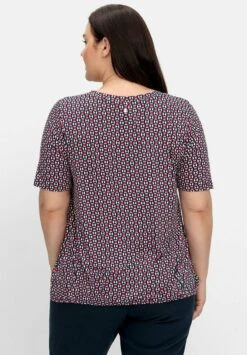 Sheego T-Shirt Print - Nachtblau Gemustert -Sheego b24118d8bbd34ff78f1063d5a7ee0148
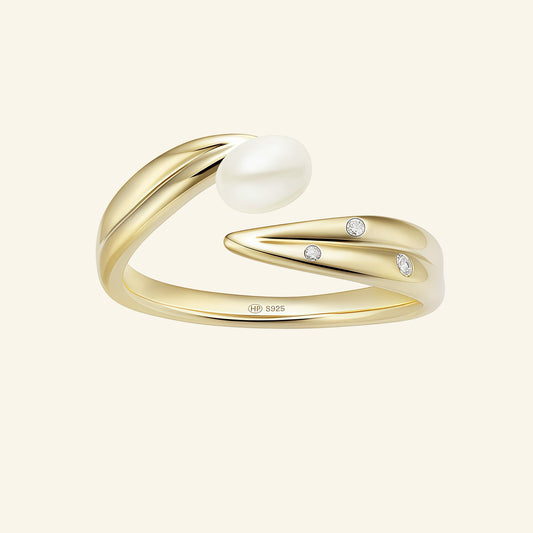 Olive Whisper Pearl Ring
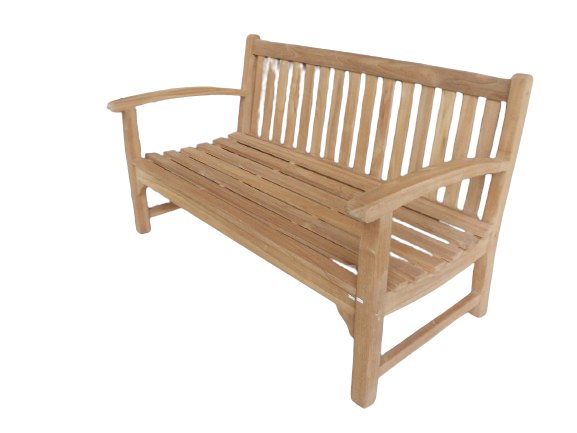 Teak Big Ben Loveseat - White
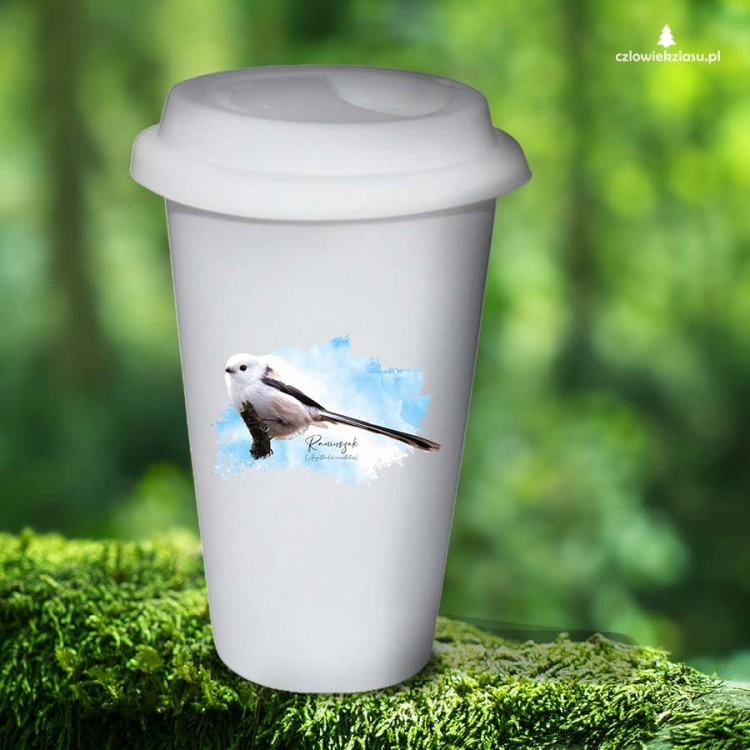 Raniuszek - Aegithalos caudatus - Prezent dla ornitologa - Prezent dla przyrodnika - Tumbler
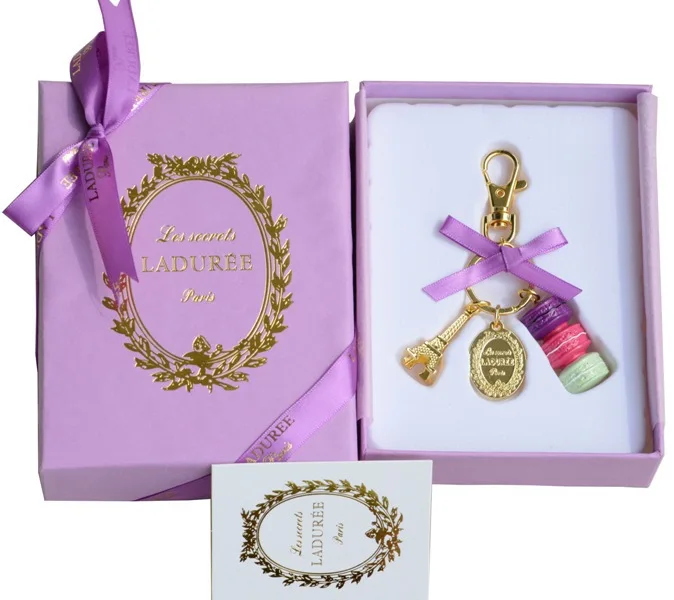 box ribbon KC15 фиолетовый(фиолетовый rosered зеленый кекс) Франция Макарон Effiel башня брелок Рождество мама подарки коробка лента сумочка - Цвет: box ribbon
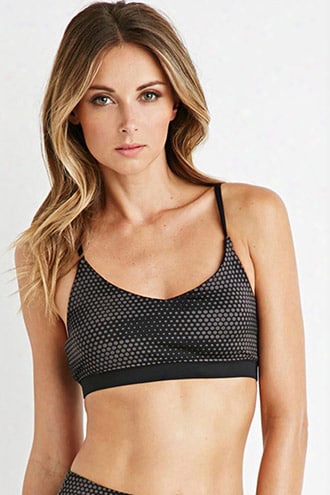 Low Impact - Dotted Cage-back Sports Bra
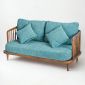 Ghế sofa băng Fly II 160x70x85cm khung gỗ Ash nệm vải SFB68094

===

◆ Task statement ◆
Give back only the lines from the one that carries "Low Impact - Dotted Cage-back Sports Bra" through the final line above, both included. Drop all pictures.

◆ Response to the exercise ◆
 Low Impact - Dotted Cage-back Sports Bra
 Ghế sofa băng Fly II 160x70x85cm khung gỗ Ash nệm vải SFB68094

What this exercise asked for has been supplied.